FAA tests in 2004 and last year showed that lithium battery fires could burn as hot as 2,000 degrees Fahrenheit, well past the melting point of the composite material that makes up half the aircraft.
Days earlier, FAA Administrator Michael Huerta and Transportation Secretary Ray LaHood assured the public that the plane was safe.
Nasa is looking to new technology to power the space station. It orbits the Earth every 90 minutes and is powered by solar panels, but needs batteries when the Earth blocks the sun. The lighter, more powerful lithium batteries will replace nickel metal hydride batteries that have been used by NASA for decades.
Boeing designers abandoned proven battery technology with the Dreamliner, a calculated risk.
“If there appears to be something better that achieves some of your objectives, engineers will want to use it,” said John Logsdon, professor emeritus of political science and international affairs at George Washington University and a member of the panel that investigated the Columbia space shuttle accident in 2003.
Nasa and Boeing have conducted extensive tests of the batteries at the Glenn Research Center in Cleveland and at the Crane Naval Base in southern Indiana.
Tom Miller, an aerospace engineer at the Glenn Research Center, said the protections are built into the batteries to prevent short-circuits or heat buildup that can cause the batteries to ignite. They’re also encased in a tougher package that could contain a fire.
“The basic chemistry has been tested,” Miller said. “It’s all been safe at this point.”
Logsdon said that the combination of the Dreamliner problems, plus tests already planned by Nasa, “is going to make these extremely safe batteries by the time they get into orbit.”

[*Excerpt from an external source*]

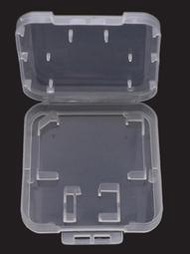 SD卡盒 TF卡保護盒 Micro SD卡收納盒 儲存卡盒 小白盒塑料透明盒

“I don’t see any particular cause for concern now,” he said. “It’s better to find it out when you can land the plane than be 200 miles above the Earth.”

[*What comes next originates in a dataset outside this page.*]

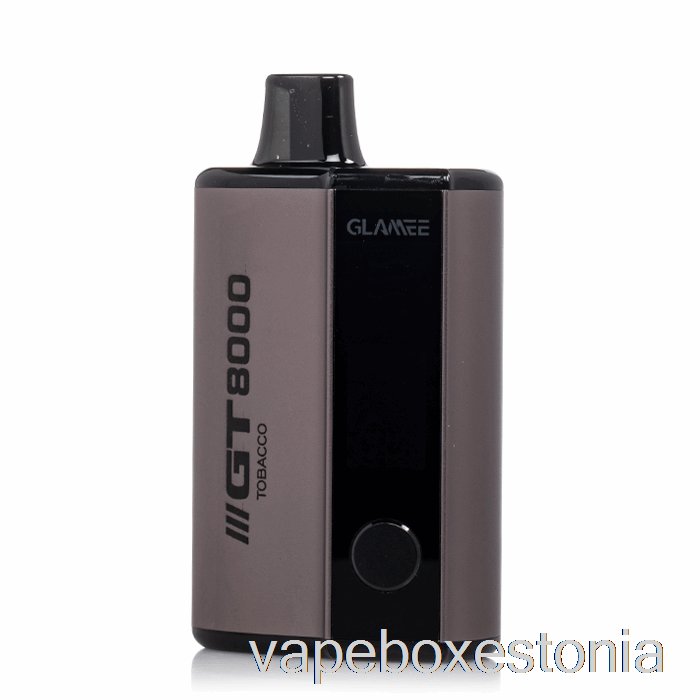 Vape Box Estonia Glamee Gt8000 ühekordne Tubakas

On Thursday, Rep. Chaka Fattah, D-Pa., wrote to NASA Administrator Charles Bolden requesting that the agency help the FAA figure out what happened to the Dreamliner’s batteries. He cited NASA’s role in assisting Toyota fix acceleration problems in its vehicles that led to a recall in 2010.

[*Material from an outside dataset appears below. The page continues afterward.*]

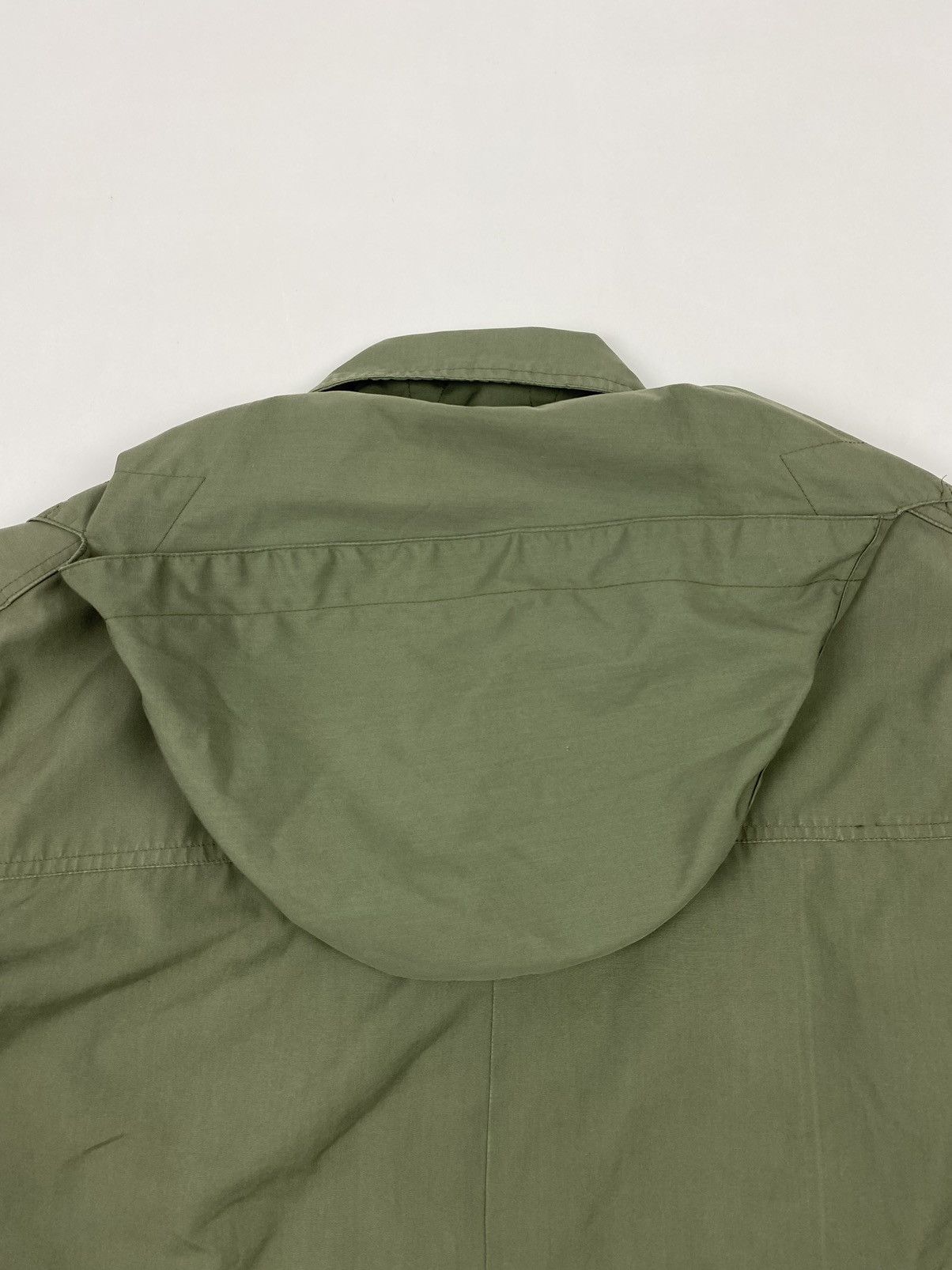 Vintage 70s Vintage Italian Army Alpine Mountain Utility Jacket Size US L / EU 52-54 / 3 - 21 Thumbnail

European air-safety officials followed their American counterparts’ lead Thursday by grounding Boeing 787 Dreamliner jumbo jets after a series of worrisome incidents aboard the new aircraft.
The European Aviation Safety Agency, or EASA, announced that it was adopting the Federal Aviation Administration’s directive, issued Wednesday, ordering all 787s taken out of service. Jeremie Teahan, a spokesman for the EASA, said the action was taken “to ensure the continuing airworthiness of the European fleet.”
As a practical matter, the decision by European regulators will affect only two 787s being used by the Polish airline LOT. But the move increases pressure on Boeing, which insists that its new passenger jet is safe but has promised to work with the FAA to resolve any concerns.
Doubts about the 787’s safety grew after a fire aboard a plane parked at Boston’s airport and an emergency landing by an All Nippon Airways flight whose crew reported a strange smell and noticed indications of a problem with a lithium-ion battery.
The FAA’s directive was issued less than a week after US transport officials deemed the 787 safe to fly. The agency said that Boeing now had to “address a potential battery fire risk in the 787.”
Teahan said the EASA would “carefully monitor the situation and is prepared to provide any support the FAA may require in their investigation.”